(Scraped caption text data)
· · · ·
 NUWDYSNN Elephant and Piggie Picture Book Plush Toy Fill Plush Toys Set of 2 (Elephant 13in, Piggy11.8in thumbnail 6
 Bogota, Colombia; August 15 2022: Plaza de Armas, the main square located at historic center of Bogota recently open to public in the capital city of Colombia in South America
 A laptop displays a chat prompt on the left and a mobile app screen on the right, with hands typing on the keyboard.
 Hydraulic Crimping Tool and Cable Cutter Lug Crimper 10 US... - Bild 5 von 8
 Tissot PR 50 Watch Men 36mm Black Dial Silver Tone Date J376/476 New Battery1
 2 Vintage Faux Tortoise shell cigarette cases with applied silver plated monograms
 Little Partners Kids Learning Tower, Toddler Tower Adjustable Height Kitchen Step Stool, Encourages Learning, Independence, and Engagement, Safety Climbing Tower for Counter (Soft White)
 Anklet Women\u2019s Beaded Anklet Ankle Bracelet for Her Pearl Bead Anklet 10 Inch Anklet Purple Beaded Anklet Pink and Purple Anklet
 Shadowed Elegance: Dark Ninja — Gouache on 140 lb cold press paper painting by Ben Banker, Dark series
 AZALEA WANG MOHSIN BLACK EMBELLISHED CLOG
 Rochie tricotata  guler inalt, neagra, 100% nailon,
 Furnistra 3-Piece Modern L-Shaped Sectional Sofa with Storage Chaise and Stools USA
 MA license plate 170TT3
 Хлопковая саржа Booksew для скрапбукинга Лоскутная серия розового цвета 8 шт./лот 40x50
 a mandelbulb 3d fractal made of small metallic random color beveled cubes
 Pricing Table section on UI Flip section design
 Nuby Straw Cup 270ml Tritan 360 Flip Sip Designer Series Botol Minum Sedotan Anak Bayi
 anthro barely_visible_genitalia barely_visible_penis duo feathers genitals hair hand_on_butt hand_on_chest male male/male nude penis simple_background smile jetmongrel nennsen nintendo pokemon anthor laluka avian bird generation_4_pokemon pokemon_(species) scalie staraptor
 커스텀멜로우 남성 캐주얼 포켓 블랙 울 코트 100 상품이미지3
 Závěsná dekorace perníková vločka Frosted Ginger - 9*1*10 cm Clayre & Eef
· · · ·
§ **What this task involves**
Only output the lines from the one with "a mandelbulb 3d" through the end of the entries above, exactly as they are.

§ **Task response**
 a mandelbulb 3d fractal made of small metallic random color beveled cubes
 Pricing Table section on UI Flip section design
 Nuby Straw Cup 270ml Tritan 360 Flip Sip Designer Series Botol Minum Sedotan Anak Bayi
 anthro barely_visible_genitalia barely_visible_penis duo feathers genitals hair hand_on_butt hand_on_chest male male/male nude penis simple_background smile jetmongrel nennsen nintendo pokemon anthor laluka avian bird generation_4_pokemon pokemon_(species) scalie staraptor
 커스텀멜로우 남성 캐주얼 포켓 블랙 울 코트 100 상품이미지3
 Závěsná dekorace perníková vločka Frosted Ginger - 9*1*10 cm Clayre & Eef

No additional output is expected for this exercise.